- **Activity**
Copy exactly the lines of the material below, starting with the first and including the line that holds "Власть в ночном городе машины".

- **Available records**
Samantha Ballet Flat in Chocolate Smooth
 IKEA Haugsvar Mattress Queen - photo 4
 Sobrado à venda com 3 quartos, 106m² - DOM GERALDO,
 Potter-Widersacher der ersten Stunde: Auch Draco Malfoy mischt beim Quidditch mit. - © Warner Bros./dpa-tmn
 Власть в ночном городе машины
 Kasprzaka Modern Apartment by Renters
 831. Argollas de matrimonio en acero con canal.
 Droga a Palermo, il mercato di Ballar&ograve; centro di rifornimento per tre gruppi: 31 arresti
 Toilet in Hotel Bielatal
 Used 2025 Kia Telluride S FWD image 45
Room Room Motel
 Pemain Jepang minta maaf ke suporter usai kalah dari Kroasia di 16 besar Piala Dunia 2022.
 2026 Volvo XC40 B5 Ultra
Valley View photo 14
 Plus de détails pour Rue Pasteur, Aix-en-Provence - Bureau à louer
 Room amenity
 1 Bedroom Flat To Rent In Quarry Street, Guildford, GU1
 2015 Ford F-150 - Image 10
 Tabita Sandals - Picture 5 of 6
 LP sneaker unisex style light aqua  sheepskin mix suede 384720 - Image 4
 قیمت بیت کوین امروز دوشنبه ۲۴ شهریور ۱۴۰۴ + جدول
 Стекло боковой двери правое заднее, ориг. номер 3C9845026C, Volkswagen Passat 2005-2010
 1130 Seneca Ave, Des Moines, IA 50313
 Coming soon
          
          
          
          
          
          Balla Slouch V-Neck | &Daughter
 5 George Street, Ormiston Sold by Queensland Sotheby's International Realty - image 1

- **Answer box**
Samantha Ballet Flat in Chocolate Smooth
 IKEA Haugsvar Mattress Queen - photo 4
 Sobrado à venda com 3 quartos, 106m² - DOM GERALDO,
 Potter-Widersacher der ersten Stunde: Auch Draco Malfoy mischt beim Quidditch mit. - © Warner Bros./dpa-tmn
 Власть в ночном городе машины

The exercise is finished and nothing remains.